Recently on a complete whim I created this poll. [link]
It brought up completely unexpected issues that fascinate me! I'd like this journal to encourage debate, discussion, and most of all I would like it to teach me more about humanity. (If you're curious, the most accurate answer on that entire poll I believe is "a gamma cross", as it addresses only the form, not the function.)
The issue at stake is of certain cultures' ownership over symbols and to a lesser extent, the effect of time on symbols. Also the restriction of using symbols as a statement or a language that not all will immediately understand. Yay or nay?
I'm pretty sure this is a modern world concern, Europeans living at the time of the silk road had no qualms about seeing Chinese art and experimenting with copying its style. But now in the age of the internet in which we are aware of every other culture also on the internet ... the world has shrank. The world exists in boundaries. Everything is identified. Once identified, we can establish certain parts as being ours or not ours.

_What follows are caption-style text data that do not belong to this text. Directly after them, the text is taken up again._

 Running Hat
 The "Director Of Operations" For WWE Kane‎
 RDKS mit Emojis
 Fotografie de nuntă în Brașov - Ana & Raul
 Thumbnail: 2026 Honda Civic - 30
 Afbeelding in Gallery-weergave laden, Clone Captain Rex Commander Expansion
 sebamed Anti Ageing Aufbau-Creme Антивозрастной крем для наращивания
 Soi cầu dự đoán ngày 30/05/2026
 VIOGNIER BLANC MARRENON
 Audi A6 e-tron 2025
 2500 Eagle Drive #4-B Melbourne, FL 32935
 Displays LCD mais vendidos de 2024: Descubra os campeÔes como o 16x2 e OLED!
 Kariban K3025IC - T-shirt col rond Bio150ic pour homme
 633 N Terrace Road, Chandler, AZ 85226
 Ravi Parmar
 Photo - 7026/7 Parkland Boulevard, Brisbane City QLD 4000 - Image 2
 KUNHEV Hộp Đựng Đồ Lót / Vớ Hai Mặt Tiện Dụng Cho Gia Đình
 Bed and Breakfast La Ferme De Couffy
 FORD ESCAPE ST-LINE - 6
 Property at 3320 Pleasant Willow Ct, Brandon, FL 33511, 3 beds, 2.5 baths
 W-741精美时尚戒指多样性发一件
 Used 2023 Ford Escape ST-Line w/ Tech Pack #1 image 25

For the sake of argument, I would like to put out that the swastika, for instance, is a human symbol, and all humans have a right to it along with ALL of its meanings across cultures, lands, and times. Even humans who have seemingly no blood relation to any culture touched by any incarnation of the swastika. It is a SYMBOL. It's point is to make a statement. It is a word and a picture and a history wrapped into a few scant lines. If for instance an Inuit (the only group of people I can currently think of who don't have their own cultural meaning for the swastika unless you count that they're distantly related to asia by benefit of the once was land bridge) created a work which included a swastika, I would find it valid. I could interpret the work with every meaning I know the symbol to have and try to find meaning the work.
A comment that prompted me to write this journal brought up the example of "nigga/nigger" to illustrate how the word is owned by a certain race, and its theirs to redefine however they like.
If a symbol is a sort of word, then a word can be a symbol.
So if I'm right, "nigga/nigger" should be accessible to all humans.
Yet, I am a white American. As soon as I say that word, I have a label as a racist and white supremest.
Is this right?
So back to the swastika.
In the western world, is it strictly the right of Jews to redefine this symbol?
Or for that matter, what if a German wanted to redefine it? What if they wanted to depict it as the Buddhist version of "live long and prosper"? This is a spur of the moment essay, I haven't researched where the Nazi party originally took the symbol from, but I'm imagining it may not have been taken from local mythology. The point being I'm not sure the Nazi party was related in blood or culture to the symbol before they adopted it. EDIT: the symbol definitely has northern European roots, but did those roots take seed from human contact with asia? That still doesn't define to whom it belongs ... the point being it belongs to everyone. (woooo this journal and the poll are at 60+ comments. haha, do you know how many places people have suggested the symbol originated?)
Many people in the poll stated that culture defines symbols. Yes this is true, except that art transcends culture, it speaks to us broadly as humans.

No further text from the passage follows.